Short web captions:
- - - - - - -
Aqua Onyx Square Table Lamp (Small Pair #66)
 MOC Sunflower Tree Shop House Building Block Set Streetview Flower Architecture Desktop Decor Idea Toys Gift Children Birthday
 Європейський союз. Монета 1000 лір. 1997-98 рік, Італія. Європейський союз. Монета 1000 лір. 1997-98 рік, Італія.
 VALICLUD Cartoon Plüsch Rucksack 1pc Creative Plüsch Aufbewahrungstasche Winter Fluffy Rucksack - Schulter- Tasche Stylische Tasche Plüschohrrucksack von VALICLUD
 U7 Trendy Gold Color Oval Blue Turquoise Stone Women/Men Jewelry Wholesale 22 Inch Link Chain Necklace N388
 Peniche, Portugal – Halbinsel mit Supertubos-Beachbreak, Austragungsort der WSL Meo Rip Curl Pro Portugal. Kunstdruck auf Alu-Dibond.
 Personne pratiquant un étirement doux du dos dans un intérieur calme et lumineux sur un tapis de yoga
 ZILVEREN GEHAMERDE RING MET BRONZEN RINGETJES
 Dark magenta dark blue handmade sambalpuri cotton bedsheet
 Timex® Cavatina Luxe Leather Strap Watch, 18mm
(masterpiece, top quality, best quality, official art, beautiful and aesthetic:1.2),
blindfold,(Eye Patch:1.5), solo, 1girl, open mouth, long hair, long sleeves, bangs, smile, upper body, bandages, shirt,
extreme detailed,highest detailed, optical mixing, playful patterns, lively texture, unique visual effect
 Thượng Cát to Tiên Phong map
- - - - - - -
## [PROBLEM REQUIREMENTS]
Only the lines from the first line of the records through the one containing "ZILVEREN GEHAMERDE RING" should be reproduced, exactly, with both of them included.

## [EXERCISE RESPONSE]
Aqua Onyx Square Table Lamp (Small Pair #66)
 MOC Sunflower Tree Shop House Building Block Set Streetview Flower Architecture Desktop Decor Idea Toys Gift Children Birthday
 Європейський союз. Монета 1000 лір. 1997-98 рік, Італія. Європейський союз. Монета 1000 лір. 1997-98 рік, Італія.
 VALICLUD Cartoon Plüsch Rucksack 1pc Creative Plüsch Aufbewahrungstasche Winter Fluffy Rucksack - Schulter- Tasche Stylische Tasche Plüschohrrucksack von VALICLUD
 U7 Trendy Gold Color Oval Blue Turquoise Stone Women/Men Jewelry Wholesale 22 Inch Link Chain Necklace N388
 Peniche, Portugal – Halbinsel mit Supertubos-Beachbreak, Austragungsort der WSL Meo Rip Curl Pro Portugal. Kunstdruck auf Alu-Dibond.
 Personne pratiquant un étirement doux du dos dans un intérieur calme et lumineux sur un tapis de yoga
 ZILVEREN GEHAMERDE RING MET BRONZEN RINGETJES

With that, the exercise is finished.